Problem to solve: The task for the listing below is to write out exactly the lines starting at the one containing "Detailed dimensions of" and ending at the one containing "DSQUARED 2 Зеленый Белый Мужские Рубашки", both included. Pictures are to be omitted.

Excerpted records:
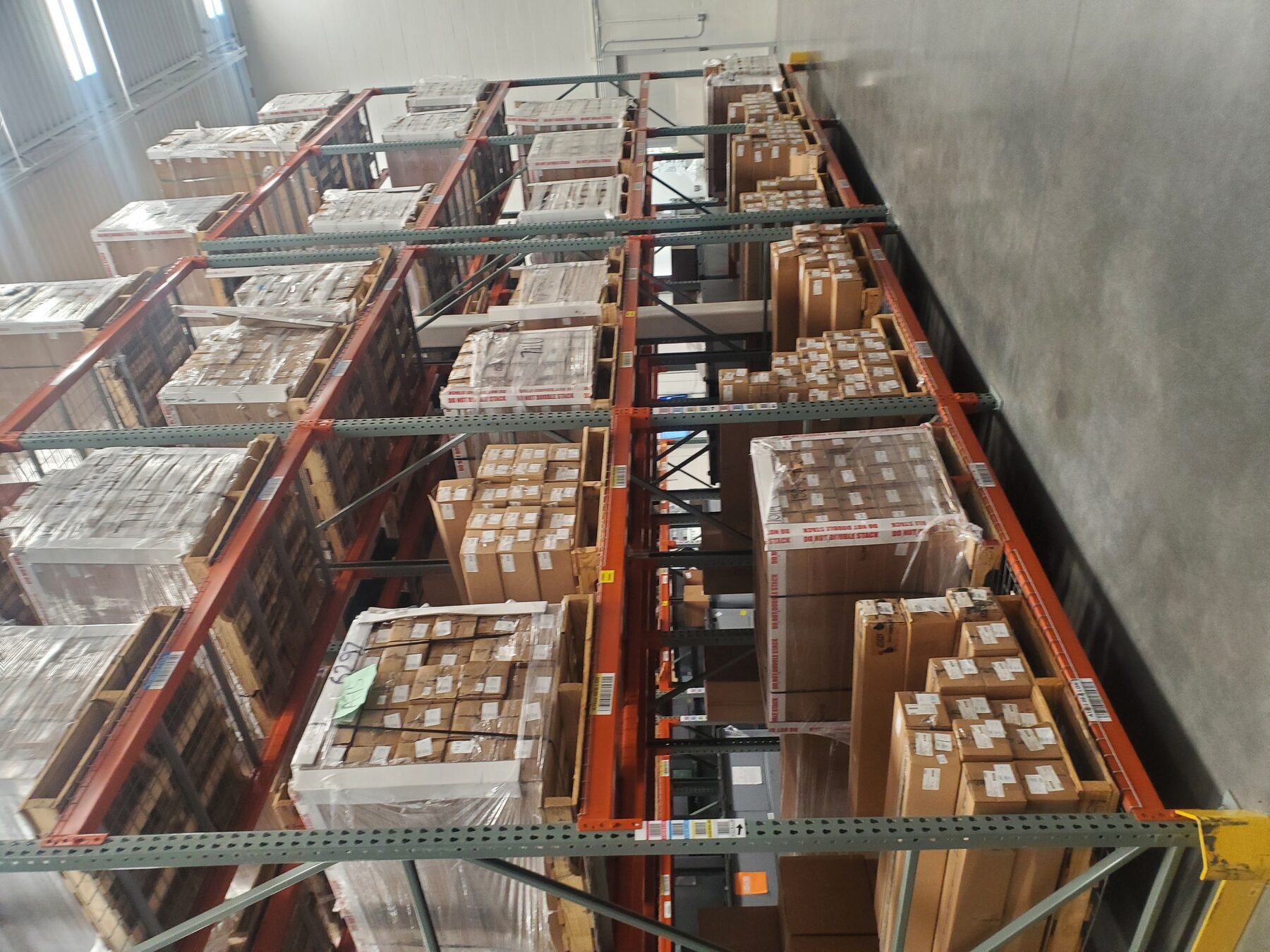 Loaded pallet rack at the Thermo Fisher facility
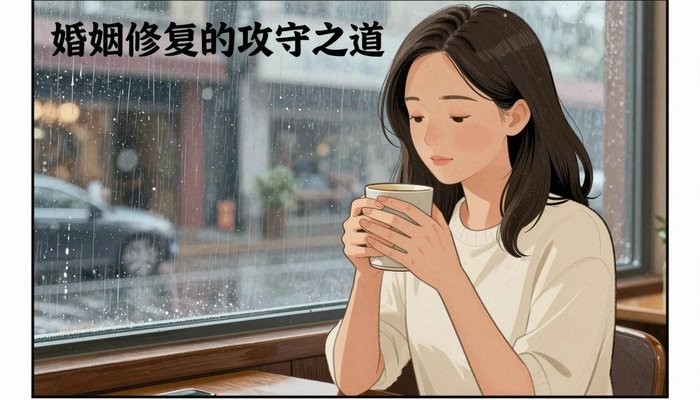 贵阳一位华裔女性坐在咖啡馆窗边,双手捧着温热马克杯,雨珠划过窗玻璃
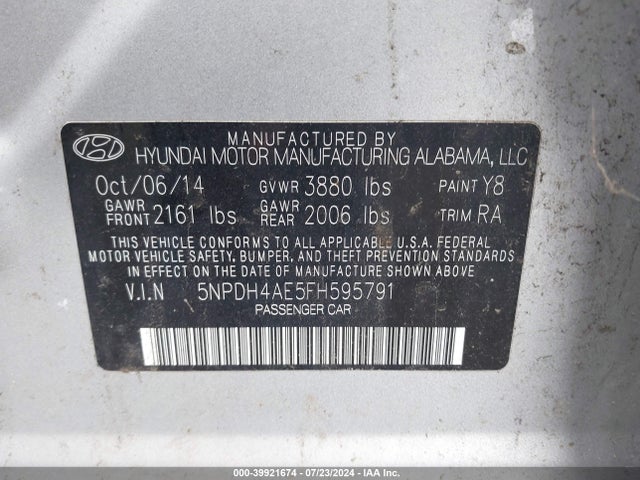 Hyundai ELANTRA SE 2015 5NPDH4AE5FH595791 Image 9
...
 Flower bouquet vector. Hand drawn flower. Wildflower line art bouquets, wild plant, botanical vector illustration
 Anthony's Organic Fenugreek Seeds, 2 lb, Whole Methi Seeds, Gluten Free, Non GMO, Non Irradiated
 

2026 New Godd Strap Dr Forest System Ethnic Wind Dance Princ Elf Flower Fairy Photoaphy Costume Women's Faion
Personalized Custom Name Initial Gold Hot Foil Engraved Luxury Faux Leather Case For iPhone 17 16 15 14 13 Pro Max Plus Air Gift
---
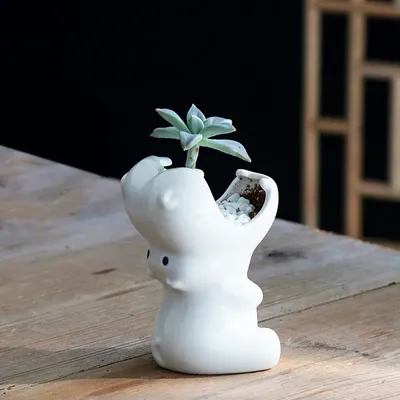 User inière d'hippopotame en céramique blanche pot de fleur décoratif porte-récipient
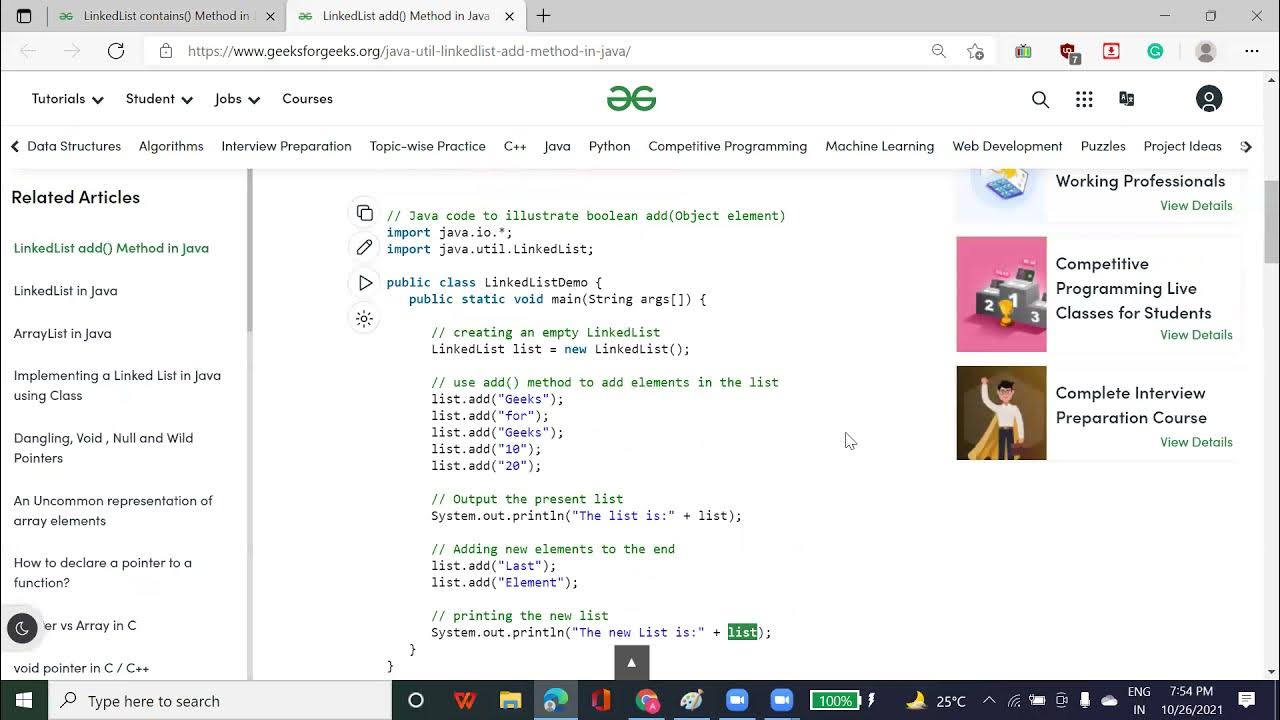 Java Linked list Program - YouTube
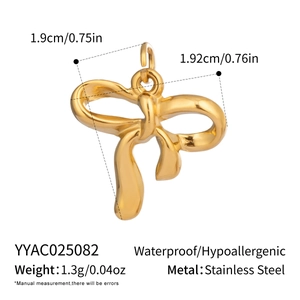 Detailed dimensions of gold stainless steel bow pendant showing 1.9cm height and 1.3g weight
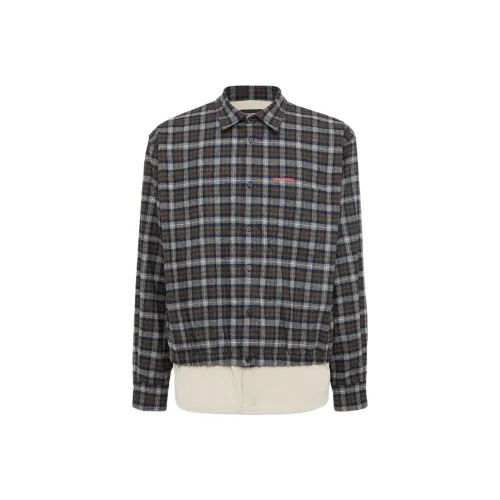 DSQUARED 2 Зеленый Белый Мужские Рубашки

Exercise result:
 Detailed dimensions of gold stainless steel bow pendant showing 1.9cm height and 1.3g weight
 DSQUARED 2 Зеленый Белый Мужские Рубашки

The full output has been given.